The summer of 1934 was so hot (up to 112 degrees) and dry in Dexter, Iowa. And the only jobs for someone out of work, as was Clabe Wilson, was Government-funded part time work.
Tough times for a family with five kids at home.
Clabe and his sons–Dale (13), Danny (11), and Junior (9)–were in the shed one day with their old Ford. One of the boys said, “Why don’t you take the top off–it looks too high.” Clabe just picked up the hammer and knocked it off.
“You ought to have heard them laugh,” he said. “We cut down the seat and cut off half of the windshield. It looks like a sports roadster.”
About the same time, they found a baby squirrel, apparently an orphan. They brought it home, fed it bread and milk, and named him Rusty.

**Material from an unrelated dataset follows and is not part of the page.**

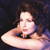 Static pixelated image of a person with long brown hair resting their chin on one hand, wearing a dark top against a dark background with purple and blue tones.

A September clipping about Rusty from a Dexter Sentinel said, “He is especially fond of peaches and will also eat all the bread and butter you will offer him. He climbs all over anyone who will pick him up, nosing into pockets and sleeves in search of any hidden crumbs of food. He is quite the cutest pet we have seen in some time.”
Clabe was running the town pump four 1/2 days a week, a WPA job. And he planned to get some “government wood”–get a load for a day’s work.
Wilsons two older sons were lucky enough to get on with the U.S. Navy during those Depression days.
Wilsons took a picture of Rusty and the roadster with Doris’s free Kodak box camera to send those Navy brothers. (Kodak gave a few to several towns to distribute to those born in 1918. Doris got the last one.)
This story is also told in Leora’s Dexter Stories: The Scarcity Years of the Great Depression.
My dad when he was in his 70s got an old Ford to fix up. It was the same model that he had driven long ago. It kept him busy for several years, but once it was rehabbed, he lost interest in it. I need to write about that for Mom’s blog, I guess.
I love it that this encourages you to record more memories! I love it when someone else’s story reminds me of another I can save. This blogging stuff is such fun!
I’m the keeper of my mother’s stories. . . and her mother’s!
[…] they hadn’t had a car since late 1934. (That was the Model T truck which became their “roadster“–and is on the cover of Leora’s Dexter Stories: The Scarcity Years of the Great […]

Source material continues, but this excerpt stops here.